◆ **Aim of the exercise**
Exactly as they appear below, repeat the lines from the one with "Wide view of" through the one with "A black leather shoulder", and no others.

----

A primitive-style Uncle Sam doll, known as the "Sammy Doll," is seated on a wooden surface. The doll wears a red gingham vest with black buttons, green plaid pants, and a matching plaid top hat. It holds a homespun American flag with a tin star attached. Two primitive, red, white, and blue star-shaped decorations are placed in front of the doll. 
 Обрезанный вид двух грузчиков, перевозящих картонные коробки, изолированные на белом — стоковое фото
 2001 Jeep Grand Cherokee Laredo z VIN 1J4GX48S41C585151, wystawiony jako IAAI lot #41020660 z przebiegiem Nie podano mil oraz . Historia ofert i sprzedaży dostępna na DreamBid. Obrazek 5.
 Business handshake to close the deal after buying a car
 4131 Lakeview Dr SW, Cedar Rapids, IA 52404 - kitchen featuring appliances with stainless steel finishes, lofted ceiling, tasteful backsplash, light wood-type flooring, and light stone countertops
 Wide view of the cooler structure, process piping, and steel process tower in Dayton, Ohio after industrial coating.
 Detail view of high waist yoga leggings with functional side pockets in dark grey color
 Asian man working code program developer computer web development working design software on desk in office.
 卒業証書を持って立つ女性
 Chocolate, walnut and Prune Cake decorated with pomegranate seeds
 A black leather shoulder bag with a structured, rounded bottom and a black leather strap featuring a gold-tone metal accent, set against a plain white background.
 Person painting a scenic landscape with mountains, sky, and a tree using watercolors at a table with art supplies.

----

◆ **Answer space**
 Wide view of the cooler structure, process piping, and steel process tower in Dayton, Ohio after industrial coating.
 Detail view of high waist yoga leggings with functional side pockets in dark grey color
 Asian man working code program developer computer web development working design software on desk in office.
 卒業証書を持って立つ女性
 Chocolate, walnut and Prune Cake decorated with pomegranate seeds
 A black leather shoulder bag with a structured, rounded bottom and a black leather strap featuring a gold-tone metal accent, set against a plain white background.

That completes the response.